• Your task:
Please give back only the lines below from the one containing "ભાવનગર મંડળના 04" to the one containing "Wasserhahn alt auslaufhahn", each repeated word for word, both ends included.

(Items from a dataset)
+ + + + + + +
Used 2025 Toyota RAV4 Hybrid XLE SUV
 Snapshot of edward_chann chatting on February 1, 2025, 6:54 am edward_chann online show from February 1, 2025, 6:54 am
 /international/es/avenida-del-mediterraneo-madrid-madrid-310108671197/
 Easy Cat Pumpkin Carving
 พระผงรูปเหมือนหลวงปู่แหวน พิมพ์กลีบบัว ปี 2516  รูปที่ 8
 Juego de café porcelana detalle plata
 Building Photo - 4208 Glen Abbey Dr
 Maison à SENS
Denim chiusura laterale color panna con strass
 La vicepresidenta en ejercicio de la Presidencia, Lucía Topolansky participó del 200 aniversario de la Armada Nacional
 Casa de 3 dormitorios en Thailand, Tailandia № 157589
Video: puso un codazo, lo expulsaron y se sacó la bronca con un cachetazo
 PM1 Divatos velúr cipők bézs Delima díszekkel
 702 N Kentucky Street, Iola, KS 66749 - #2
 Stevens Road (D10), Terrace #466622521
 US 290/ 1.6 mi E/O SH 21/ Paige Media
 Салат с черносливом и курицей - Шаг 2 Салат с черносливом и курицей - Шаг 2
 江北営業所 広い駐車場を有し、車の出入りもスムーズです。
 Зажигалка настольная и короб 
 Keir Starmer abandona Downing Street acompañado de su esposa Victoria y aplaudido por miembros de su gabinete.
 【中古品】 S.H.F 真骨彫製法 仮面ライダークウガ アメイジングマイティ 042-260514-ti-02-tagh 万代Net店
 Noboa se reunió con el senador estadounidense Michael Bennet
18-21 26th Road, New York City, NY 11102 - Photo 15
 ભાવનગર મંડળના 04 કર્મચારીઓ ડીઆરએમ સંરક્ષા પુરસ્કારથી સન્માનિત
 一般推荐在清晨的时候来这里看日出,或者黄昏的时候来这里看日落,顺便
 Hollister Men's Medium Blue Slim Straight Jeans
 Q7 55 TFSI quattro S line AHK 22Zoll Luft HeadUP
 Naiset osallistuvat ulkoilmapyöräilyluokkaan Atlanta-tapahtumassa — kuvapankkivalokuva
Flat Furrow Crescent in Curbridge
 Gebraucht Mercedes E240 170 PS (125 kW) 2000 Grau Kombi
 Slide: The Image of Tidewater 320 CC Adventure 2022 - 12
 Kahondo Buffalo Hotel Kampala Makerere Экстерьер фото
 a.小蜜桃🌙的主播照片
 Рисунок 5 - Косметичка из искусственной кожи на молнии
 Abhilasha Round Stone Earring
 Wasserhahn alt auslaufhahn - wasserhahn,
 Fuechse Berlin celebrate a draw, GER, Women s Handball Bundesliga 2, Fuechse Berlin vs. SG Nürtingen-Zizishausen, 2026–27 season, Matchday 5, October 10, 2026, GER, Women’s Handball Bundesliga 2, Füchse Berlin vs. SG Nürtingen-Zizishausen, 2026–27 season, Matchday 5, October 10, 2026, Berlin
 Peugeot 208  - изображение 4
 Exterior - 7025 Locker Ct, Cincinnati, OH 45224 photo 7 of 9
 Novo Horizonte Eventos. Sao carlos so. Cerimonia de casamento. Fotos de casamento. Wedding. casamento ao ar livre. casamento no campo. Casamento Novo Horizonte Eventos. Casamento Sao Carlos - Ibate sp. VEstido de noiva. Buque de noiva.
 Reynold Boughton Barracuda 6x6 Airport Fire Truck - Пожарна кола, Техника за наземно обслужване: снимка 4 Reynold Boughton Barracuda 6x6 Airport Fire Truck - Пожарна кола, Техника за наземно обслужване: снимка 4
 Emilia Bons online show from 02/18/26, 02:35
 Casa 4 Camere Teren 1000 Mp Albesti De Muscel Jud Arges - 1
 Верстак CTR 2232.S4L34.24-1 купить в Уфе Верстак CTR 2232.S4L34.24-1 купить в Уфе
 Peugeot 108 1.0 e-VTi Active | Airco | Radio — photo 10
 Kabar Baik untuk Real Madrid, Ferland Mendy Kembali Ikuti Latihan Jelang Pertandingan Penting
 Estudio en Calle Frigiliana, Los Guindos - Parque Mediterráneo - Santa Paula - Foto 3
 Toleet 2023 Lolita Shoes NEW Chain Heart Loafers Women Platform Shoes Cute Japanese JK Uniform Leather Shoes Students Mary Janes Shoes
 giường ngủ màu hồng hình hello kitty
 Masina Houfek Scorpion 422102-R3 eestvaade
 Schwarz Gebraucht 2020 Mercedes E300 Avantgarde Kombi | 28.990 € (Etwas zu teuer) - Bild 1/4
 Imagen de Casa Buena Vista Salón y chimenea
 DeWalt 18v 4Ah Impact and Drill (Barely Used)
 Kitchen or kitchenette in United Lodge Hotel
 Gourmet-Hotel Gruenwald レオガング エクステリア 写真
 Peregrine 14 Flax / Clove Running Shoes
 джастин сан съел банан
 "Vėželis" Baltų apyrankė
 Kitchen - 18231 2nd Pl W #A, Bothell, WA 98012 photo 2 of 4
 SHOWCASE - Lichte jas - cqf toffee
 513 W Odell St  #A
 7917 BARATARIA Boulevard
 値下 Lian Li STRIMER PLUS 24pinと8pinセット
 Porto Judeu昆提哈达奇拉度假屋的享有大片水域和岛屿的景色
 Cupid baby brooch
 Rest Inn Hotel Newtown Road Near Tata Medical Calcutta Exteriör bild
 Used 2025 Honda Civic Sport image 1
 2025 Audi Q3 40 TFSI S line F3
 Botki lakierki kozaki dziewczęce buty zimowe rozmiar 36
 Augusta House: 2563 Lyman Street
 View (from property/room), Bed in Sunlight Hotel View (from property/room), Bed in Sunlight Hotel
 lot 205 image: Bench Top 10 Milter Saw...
+ + + + + + +
• Exercise result:
 ભાવનગર મંડળના 04 કર્મચારીઓ ડીઆરએમ સંરક્ષા પુરસ્કારથી સન્માનિત
 一般推荐在清晨的时候来这里看日出,或者黄昏的时候来这里看日落,顺便
 Hollister Men's Medium Blue Slim Straight Jeans
 Q7 55 TFSI quattro S line AHK 22Zoll Luft HeadUP
 Naiset osallistuvat ulkoilmapyöräilyluokkaan Atlanta-tapahtumassa — kuvapankkivalokuva
Flat Furrow Crescent in Curbridge
 Gebraucht Mercedes E240 170 PS (125 kW) 2000 Grau Kombi
 Slide: The Image of Tidewater 320 CC Adventure 2022 - 12
 Kahondo Buffalo Hotel Kampala Makerere Экстерьер фото
 a.小蜜桃🌙的主播照片
 Рисунок 5 - Косметичка из искусственной кожи на молнии
 Abhilasha Round Stone Earring
 Wasserhahn alt auslaufhahn - wasserhahn,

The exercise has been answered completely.